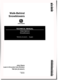 John Deere 1032, 526, 726, 732, 826 and 832 Walk-Behind Snowblowers Technical Manual (TM1234)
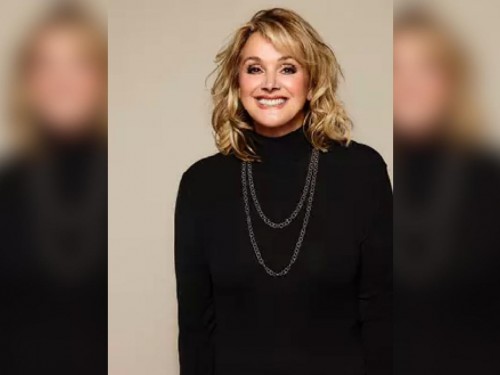 Debbie Travis joins Scenic for Special Gems of the Danube sailing in 2023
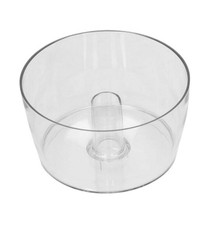 MAGIMIX Mini Bol CS 3200 4200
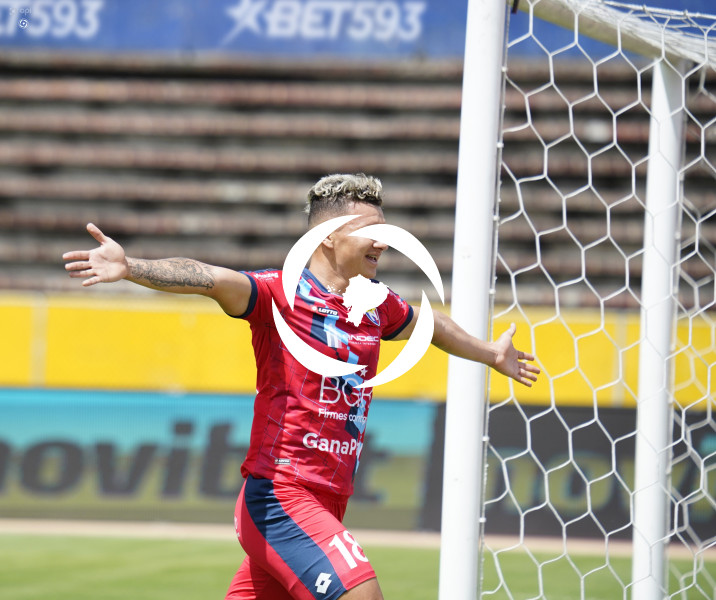 FBL-LIGAPRO-BET593-NACIONAL-ORENSE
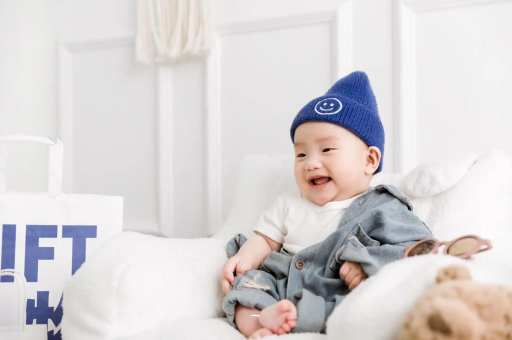 莱州孕妇如何缓解胃酸 莱州孕妇如何缓解胃酸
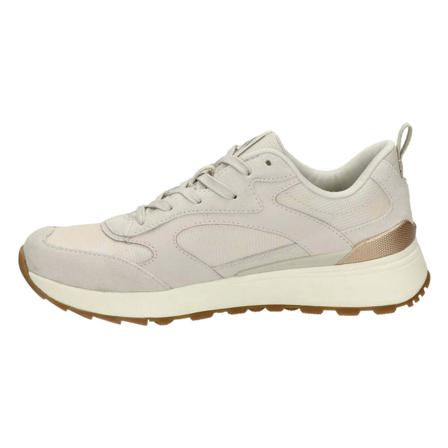 Skechers Sneakers inbo, Dame, Størrelse: 37 EU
****************
Exactly the lines from the line containing "FBL-LIGAPRO-BET593-NACIONAL-ORENSE" to the end of the records need to be copied, both ends included, with pictures left out.

_Answer for the task:_
 FBL-LIGAPRO-BET593-NACIONAL-ORENSE
 莱州孕妇如何缓解胃酸 莱州孕妇如何缓解胃酸
 Skechers Sneakers inbo, Dame, Størrelse: 37 EU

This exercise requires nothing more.